Published: 11:09, 23 October 2020
| Updated: 11:12, 23 October 2020
Widespread objection to a major housing development opposite Betteshanger Park continues to grow as a date for planners to grant their decision remains unconfirmed.
Friends of Betteshanger, a group set up to preserve the open mosaic habitat which has grown on the former mining site over the last three decades, had thought the application, submitted by Quinn Estates in April, would go before Dover District Council (DDC) as early as next week.
But the authority says officers are still considering it.
The company seeking permission for up to 210 dwellings on land directly opposite the main county park - known as Betteshanger Sustainable Parks.
To be called Betteshanger Grove, it would be a mix of flats, two, three and four bedroomed houses and 12 plots for self-builders. A total of 30% amounting to 63 homes will be made affordable.
The proposal also includes plans for a 2,500sqm office and a centre with 150sqm of retail floorspace.

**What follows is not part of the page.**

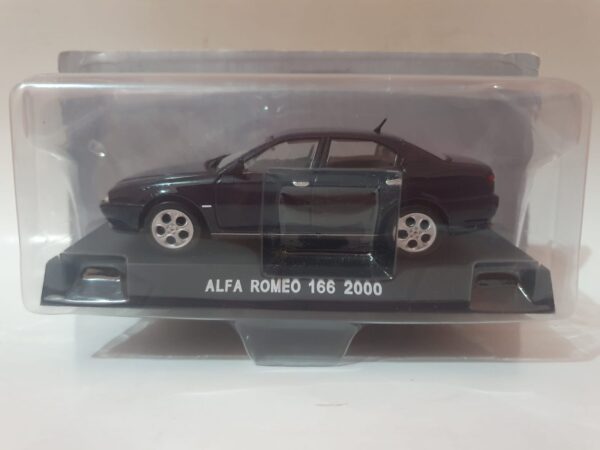 ALFA ROMEO 166 2000 - CARABINIERI - 1/43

More than 80 objections have been lodged with reference to wildlife and DDC policies, which were partly designed to tackle greenhouse gas emissions.
Among them are concerns from Peter Cutler, of Friends of Betteshanger, who said: “If agreed, the result would be that a site rich in bio-diversity will be destroyed, an amenity will be lost forever and many of the trees and bushes planted by SEEDA will be grubbed up.
“The Deal, Sholden and Sandwich area will become more suburbanised with fewer ‘wild’ or ‘natural’ spaces.
“The issue of suburbanisation is important since the result will be an increase in car journeys, an increase in greenhouse gas emissions and decrease in air quality.”
Deal Town Council has objected to the development in its current form, stating members feel it is too large, within a flood plain and will have a negative impact on the highways and environment.
Concern has also been raised by the RSPB and Sandwich Bay Bird Observatory Trust over the potential loss of habitat belonging to turtle doves, one the of the UK’s fastest declining breeding birds. But Quinn Estates has now amended its plan in response, by removing development from this area.
There is some dispute over a ‘Saved Policy’ AS1 held by the district council, which indicates that the land and area on and around Almond House Betteshanger is not suitable for the residential and retail development.
Sholden Parish Council says it can find no record that this is out of date or redundant and claims the application should be refused on this basis alone.
Other objections have been raised by Northbourne, Worth, and Walmer parish councils, as well as the Kent Wildlife Trust, BugLife, Botanical Society of Britain and Ireland and Campaign to Protect Rural England.
The application has a letter of support from the trustees of Betteshanger Social Welfare Scheme, who feel the new homes will bring “vitality and vibrancy” to businesses and community spots.
They write: “Quinn Estates will finally utilise this land for the development of something the local community needs, not only by increasing the housing supply and creating jobs but also due to the revenue it will generate for the area.”
Following early consultation with nearby residents and a public meeting in March, Quinn Estates has agreed to gift the land adjacent to the social club to the Betteshanger Social Welfare Scheme to be retained as functional open space and pledged to make improvements to the area’s skate park.
A sinking fund will be generated for the maintenance of the wastewater treatment plant alongside any upgrades required to serve existing and new properties in the long term, as well as a £200,000 fund for carbon off-setting measures to existing properties in Circular Road and Broad Lane.
Responding to concerns, a spokesman for Quinn Estates said: “The site is allocated for development in the local plan and has an extant planning permission in place. The habitat referred to (Open Mosaic Habitat) has established on the development platforms created by SEEDA to enable the former colliery to be redeveloped.
“The site has already undergone significant public investment to deliver the development platforms, roundabout, roads and servicing infrastructure, with these put in place in through significant public investment prior to the purchase of the site by Hadlow College.
“The application is supported by extensive survey information and proposes the creation of compensatory Open Mosaic Habitat (OMH) at the Country Park, ensuring that an area over double the size of the OMH to be lost will be subject to ecological management and secured in the long-term. This approach also ensure that biodiversity net gain can be demonstrated whilst accepting the assessment of consultees in relation to existing habitat condition.
“The determining of planning applications requires wide ranging competing interests to be balanced to deliver sustainable development.
“The application makes clear that any loss of habitat can be mitigated through a combination of on-site retention, enhancement and management and off-site creation and management. This approach fully accords with national planning policy.”
A district council spokesman said: “Officers are still considering the planning application for Betteshanger. When the application is ready to be presented to the Planning Committee, objectors and others will be notified in the usual way.
“It is recognised that bio-diversity issues are of particular importance for the site and significant changes have been made to the originally submitted scheme to reflect this. DDC officers have worked with the relevant bodies and their report will fully cover these issues.”